Katrina 3-Year Coverage: Has the media forgotten the Gulf Coast?

Three years after Hurricane Katrina, the world's media has lost sight of the ongoing problems in New Orleans, reports the UK's Independent, underscoring that "one of the world's most cataclysmic natural disasters, one made worse by official incompetence and corruption, is almost forgotten."

Indeed, one can do a search of news reports on New Orleans and the Gulf Coast and find that in many ways the region's story is vanishing both from public discourse and the mass media landscape.
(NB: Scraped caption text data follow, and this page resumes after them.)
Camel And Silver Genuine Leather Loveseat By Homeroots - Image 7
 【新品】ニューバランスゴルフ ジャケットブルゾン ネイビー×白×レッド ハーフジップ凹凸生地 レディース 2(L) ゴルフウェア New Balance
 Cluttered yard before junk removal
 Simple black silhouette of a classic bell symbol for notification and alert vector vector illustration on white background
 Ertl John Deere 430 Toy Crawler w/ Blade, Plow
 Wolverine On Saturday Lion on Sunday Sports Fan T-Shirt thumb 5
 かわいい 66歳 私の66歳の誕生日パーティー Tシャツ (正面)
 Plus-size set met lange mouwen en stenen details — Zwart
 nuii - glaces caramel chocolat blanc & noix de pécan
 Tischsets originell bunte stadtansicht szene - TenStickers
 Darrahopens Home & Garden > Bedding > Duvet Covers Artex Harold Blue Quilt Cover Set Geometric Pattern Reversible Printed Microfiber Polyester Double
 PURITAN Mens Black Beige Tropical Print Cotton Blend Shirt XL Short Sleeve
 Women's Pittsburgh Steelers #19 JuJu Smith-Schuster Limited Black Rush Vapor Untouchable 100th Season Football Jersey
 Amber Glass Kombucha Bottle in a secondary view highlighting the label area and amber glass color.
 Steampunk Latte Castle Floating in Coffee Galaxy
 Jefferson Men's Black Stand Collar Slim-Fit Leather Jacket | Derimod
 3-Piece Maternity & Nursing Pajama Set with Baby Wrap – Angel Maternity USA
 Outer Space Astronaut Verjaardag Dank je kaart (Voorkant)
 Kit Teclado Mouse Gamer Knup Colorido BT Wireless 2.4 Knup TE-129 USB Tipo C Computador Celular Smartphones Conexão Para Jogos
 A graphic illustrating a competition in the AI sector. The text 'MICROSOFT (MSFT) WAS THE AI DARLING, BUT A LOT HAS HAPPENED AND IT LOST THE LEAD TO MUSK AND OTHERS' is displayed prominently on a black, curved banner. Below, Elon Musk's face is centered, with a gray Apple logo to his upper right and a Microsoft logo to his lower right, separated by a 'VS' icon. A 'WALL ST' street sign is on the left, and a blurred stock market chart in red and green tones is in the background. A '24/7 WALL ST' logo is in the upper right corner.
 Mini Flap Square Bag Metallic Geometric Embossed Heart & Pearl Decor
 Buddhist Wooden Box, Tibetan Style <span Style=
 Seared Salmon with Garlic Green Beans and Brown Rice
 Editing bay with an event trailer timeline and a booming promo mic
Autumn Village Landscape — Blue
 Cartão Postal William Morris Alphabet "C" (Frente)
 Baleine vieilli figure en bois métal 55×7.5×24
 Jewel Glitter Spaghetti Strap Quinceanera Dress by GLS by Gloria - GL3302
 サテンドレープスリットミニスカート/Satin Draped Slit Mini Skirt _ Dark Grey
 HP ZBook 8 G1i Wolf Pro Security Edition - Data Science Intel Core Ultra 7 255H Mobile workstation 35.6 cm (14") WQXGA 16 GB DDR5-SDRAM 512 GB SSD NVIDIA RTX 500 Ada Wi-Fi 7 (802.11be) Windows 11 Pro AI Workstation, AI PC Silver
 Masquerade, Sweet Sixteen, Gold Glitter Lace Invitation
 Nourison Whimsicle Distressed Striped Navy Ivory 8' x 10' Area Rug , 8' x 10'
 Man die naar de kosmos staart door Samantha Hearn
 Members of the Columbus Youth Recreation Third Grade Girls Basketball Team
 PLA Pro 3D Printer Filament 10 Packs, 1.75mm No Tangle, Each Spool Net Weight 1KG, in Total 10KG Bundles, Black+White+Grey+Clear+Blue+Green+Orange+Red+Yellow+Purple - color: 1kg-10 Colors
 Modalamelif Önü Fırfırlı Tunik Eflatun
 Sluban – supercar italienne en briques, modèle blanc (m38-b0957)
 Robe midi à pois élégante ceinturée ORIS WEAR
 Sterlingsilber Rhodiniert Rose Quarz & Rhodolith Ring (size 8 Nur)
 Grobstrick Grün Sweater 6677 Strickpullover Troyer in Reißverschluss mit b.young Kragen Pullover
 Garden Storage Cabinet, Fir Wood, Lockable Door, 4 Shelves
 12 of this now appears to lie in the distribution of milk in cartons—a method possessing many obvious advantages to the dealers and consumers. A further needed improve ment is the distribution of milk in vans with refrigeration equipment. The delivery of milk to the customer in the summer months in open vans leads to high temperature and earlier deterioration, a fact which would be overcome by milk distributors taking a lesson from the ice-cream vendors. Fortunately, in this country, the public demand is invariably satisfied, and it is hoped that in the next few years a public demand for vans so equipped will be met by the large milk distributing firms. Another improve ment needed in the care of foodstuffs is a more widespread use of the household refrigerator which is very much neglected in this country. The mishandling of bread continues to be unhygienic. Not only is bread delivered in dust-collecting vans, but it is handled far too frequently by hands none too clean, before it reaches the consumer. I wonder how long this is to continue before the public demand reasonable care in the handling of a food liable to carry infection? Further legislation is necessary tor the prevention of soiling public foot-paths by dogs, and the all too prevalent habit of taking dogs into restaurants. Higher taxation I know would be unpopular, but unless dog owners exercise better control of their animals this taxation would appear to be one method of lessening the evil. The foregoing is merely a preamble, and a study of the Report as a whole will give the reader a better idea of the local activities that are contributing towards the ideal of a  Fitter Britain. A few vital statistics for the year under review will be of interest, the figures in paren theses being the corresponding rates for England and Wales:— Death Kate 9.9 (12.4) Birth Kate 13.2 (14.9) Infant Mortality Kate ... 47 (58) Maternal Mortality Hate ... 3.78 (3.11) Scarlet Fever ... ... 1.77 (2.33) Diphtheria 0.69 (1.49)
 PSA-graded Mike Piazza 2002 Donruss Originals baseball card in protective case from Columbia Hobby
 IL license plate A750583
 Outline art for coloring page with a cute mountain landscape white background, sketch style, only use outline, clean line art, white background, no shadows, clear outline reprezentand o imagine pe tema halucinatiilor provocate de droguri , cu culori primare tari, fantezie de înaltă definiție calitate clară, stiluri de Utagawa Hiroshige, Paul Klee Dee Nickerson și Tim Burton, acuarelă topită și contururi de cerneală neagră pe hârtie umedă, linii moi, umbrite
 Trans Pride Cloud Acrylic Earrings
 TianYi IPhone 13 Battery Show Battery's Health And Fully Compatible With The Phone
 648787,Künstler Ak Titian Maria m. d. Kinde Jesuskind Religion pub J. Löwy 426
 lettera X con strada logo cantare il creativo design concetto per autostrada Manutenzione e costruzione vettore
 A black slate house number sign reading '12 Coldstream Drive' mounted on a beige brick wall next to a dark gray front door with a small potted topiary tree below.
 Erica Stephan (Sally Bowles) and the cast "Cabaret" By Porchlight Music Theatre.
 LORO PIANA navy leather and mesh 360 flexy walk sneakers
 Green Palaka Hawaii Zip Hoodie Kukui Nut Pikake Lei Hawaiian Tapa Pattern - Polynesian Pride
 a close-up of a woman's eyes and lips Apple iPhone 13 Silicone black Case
As The Independent reports:

The visitor to the rackety bars of the French Quarter and restaurants such as Brennan's, Mother's and Bayona would have no idea that, even now, there is mile after mile of blighted housing a few minutes from the commotion of Bourbon Street. One third of the city's population has yet to return, their homes wrecked or demolished, thousands still live in trailers, thousands more are waiting to be paid their rehousing allowance or insurance money. A recent survey published by The Times-Picayune showed that increasing numbers were thinking of leaving the city for good, citing increasing stress, poor health facilities, crime and corruption.

Instead, coverage by the international and national news media in the run-up to the anniversary is negligible, with only a report by the news agency Reuters contrasting the elegant streets of the French Quarter with areas like New Orleans East, where "many houses slowly rot, still bearing on their walls the painted marks left by the US military to show whether corpses were inside."

"I don't think [New Orleans is] on people's minds," Times-Picayune's editor Jim Amoss told The Independent. "We have to contend with those voices, particularly on pop radio, which say 'New Orleanians with their eternal whining - why don't they pull themselves up by their boot straps?'"

Yet, even as the larger media outlets have lessened reportage on the region, many local bloggers continue to keep a critical eye on recovery. As The Times-Picayune reported, bloggers and online activists can and do play an important role in telling the stories of Gulf Coast residents and in covering the recovery.

As the three-year anniversary approaches and beyond, we at Facing South will continue to report on the troubled recovery and the continued barriers to rebuilding in the region. The stories of residents of the Gulf Coast remain important not only to the South, but to the nation.